The plan referred to as for Musk to reap billions if Tesla hit sure market capitalization and operational milestones. For every incidence of concurrently assembly a market cap milestone and an operational milestone, Musk, who owned about 22% of Tesla when the plan was permitted, would get inventory equal to 1% of excellent shares on the time of the grant. His curiosity within the firm would develop to about 28% if the corporate’s market capitalization grew by $600 billion.
Every milestone within the plan contains rising Tesla’s market capitalization by $50 billion and assembly aggressive income and pretax revenue progress targets. Musk would obtain the total good thing about the pay plan, $55.8 billion, provided that Tesla hit a market capitalization of $650 billion and unprecedented income and earnings inside a decade.
Up to now, Tesla has achieved all 12 of the market capitalization milestones and 11 operational milestones, ensuing within the vesting of 11 of the grant’s 12 tranches and offering Musk over $52.4 billion in inventory possibility features, in response to the lawsuit. Because the grant was awarded, Tesla’s market capitalization has elevated from $59 billion to greater than $613 billion now, having briefly hit $1 trillion early this yr. Musk has offered Tesla inventory to finance the Twitter buy, including downward strain on the shares.
Shares of Tesla and different automakers have been battered this yr, however the Austin, Texas, firm earned $5.5 billion in 2021, blowing away the earlier yr’s revenue of $721 million. It additionally produced a file 936,000 automobiles, almost double automobile manufacturing in 2020.

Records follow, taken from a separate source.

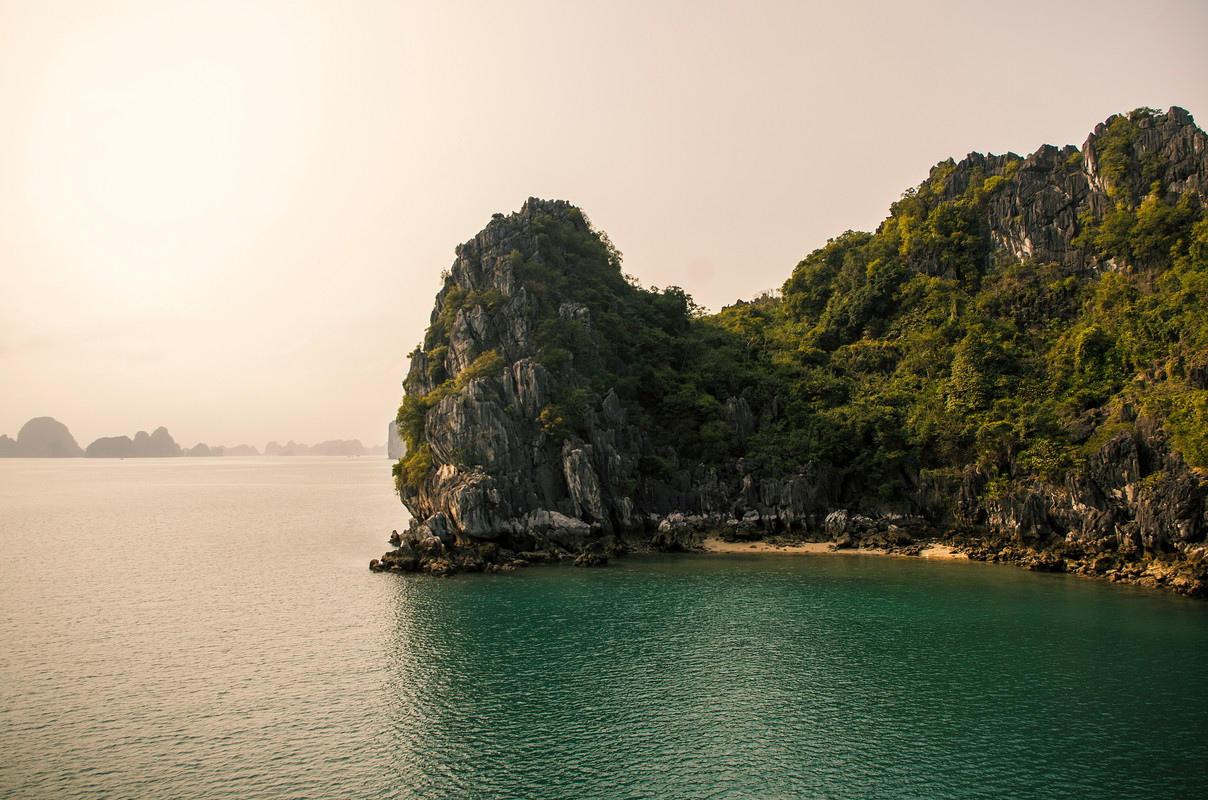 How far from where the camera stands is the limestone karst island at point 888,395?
45.6 m

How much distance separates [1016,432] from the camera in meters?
50.2

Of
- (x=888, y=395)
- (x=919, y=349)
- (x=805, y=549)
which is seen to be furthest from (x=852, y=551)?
(x=919, y=349)

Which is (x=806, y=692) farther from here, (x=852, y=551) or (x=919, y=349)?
(x=919, y=349)

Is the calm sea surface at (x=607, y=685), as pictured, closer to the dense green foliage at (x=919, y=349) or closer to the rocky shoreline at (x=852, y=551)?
the rocky shoreline at (x=852, y=551)

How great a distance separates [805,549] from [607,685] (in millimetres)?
31168

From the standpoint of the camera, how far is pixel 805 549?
2063 inches

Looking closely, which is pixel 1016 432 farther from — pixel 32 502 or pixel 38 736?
pixel 32 502

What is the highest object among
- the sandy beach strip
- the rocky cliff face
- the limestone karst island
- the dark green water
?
the rocky cliff face

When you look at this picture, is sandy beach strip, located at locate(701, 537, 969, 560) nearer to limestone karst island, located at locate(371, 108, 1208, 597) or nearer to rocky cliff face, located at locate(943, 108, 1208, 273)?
limestone karst island, located at locate(371, 108, 1208, 597)

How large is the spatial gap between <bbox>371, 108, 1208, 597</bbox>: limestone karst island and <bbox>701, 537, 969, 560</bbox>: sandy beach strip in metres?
1.22

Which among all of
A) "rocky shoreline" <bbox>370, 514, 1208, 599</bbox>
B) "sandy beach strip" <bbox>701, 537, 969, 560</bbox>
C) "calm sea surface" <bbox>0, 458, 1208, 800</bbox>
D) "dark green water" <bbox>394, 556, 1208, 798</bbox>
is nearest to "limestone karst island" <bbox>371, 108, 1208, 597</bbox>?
"rocky shoreline" <bbox>370, 514, 1208, 599</bbox>

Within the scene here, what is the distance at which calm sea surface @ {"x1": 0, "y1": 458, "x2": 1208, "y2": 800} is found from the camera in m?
19.4

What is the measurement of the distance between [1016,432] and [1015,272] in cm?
2457

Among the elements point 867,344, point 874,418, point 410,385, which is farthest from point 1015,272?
point 410,385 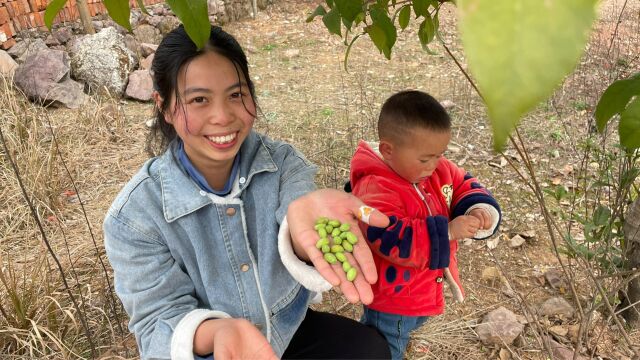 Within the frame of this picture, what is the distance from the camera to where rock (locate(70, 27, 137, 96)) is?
489cm

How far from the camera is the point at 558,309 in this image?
2.25 metres

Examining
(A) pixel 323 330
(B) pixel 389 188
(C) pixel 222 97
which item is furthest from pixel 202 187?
(A) pixel 323 330

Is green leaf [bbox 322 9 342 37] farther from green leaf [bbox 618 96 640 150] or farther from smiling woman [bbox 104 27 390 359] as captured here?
green leaf [bbox 618 96 640 150]

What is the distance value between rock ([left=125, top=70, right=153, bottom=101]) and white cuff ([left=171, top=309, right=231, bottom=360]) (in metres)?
4.06

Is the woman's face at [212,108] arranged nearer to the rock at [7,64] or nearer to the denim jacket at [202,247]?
the denim jacket at [202,247]

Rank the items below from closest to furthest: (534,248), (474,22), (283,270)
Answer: (474,22) < (283,270) < (534,248)

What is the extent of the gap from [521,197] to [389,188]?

Attorneys for the plaintiff have instructed that incentivizing Musk to stay at Tesla’s helm by providing an enormous compensation package deal was pointless, as a result of he’s by no means instructed that he would possibly depart. They’ve additionally instructed that Musk’s true motive in negotiating the package deal was to fund his dream to colonize Mars.
Denholm mentioned the first concern was not how Musk would possibly spend the proceeds of his possibility grants, however guaranteeing that he was motivated and dedicated to Tesla’s success.

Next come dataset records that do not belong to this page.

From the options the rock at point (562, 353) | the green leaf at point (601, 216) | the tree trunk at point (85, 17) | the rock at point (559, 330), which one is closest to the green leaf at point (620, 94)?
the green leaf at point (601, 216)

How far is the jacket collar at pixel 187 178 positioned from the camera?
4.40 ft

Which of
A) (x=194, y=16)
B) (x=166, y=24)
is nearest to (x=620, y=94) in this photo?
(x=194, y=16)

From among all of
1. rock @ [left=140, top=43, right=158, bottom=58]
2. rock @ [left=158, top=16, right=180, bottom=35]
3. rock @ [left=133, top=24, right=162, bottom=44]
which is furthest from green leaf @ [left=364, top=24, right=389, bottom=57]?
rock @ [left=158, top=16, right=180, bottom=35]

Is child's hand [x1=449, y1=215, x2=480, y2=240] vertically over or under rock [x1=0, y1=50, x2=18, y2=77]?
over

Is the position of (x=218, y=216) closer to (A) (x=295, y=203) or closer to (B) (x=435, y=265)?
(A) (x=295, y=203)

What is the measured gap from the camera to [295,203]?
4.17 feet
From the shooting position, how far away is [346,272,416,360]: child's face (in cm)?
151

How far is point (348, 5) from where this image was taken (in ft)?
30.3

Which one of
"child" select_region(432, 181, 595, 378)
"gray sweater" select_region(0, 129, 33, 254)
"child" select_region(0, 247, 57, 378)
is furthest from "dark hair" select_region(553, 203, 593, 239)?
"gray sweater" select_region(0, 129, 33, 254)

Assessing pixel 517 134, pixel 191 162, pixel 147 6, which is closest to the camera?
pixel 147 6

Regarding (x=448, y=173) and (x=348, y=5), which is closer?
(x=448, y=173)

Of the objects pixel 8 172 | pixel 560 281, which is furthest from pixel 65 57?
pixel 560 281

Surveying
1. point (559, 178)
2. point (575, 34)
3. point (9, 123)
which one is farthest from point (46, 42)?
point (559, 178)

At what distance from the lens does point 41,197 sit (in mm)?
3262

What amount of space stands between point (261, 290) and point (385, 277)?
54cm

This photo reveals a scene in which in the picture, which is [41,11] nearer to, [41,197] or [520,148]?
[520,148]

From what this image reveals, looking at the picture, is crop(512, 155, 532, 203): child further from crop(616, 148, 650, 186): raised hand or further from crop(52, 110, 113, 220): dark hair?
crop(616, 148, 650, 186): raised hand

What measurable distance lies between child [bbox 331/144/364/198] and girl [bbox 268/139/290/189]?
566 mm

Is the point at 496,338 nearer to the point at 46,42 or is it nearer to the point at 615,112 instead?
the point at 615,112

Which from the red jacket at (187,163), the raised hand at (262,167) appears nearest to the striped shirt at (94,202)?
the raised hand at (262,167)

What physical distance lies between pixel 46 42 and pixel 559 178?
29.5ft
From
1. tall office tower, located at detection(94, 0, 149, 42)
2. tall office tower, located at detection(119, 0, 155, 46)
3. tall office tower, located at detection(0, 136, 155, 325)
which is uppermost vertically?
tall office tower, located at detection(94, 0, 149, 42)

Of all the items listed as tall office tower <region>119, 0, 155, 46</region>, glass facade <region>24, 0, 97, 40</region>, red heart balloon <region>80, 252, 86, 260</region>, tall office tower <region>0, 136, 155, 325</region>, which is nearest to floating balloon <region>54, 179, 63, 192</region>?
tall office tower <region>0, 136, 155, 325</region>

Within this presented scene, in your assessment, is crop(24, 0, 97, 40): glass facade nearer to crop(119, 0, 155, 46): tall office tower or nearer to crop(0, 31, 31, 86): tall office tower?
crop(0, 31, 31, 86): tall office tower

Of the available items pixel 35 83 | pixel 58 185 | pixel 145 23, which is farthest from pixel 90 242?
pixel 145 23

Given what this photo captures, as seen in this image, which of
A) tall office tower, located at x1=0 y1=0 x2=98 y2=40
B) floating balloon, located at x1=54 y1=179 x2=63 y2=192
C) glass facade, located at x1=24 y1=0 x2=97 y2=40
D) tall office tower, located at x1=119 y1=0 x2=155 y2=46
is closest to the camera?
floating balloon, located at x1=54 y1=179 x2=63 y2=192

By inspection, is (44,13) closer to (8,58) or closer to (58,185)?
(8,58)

“Fairly actually, I don’t understand how a lot it prices to do any interplanetary journey,” she mentioned.
In a November 2017 e-mail to former Tesla Normal Counsel Todd Maron, Musk expressed optimism that the compensation package deal could be seen in a good mild.
“On condition that this may all go to causes that at the least aspirationally maximize the likelihood of a superb future for humanity, plus all Tesla shareholders will likely be tremendous comfortable, I feel this will likely be obtained nicely,” he wrote, including that “it ought to come throughout as an extremely bullish view of the longer term.”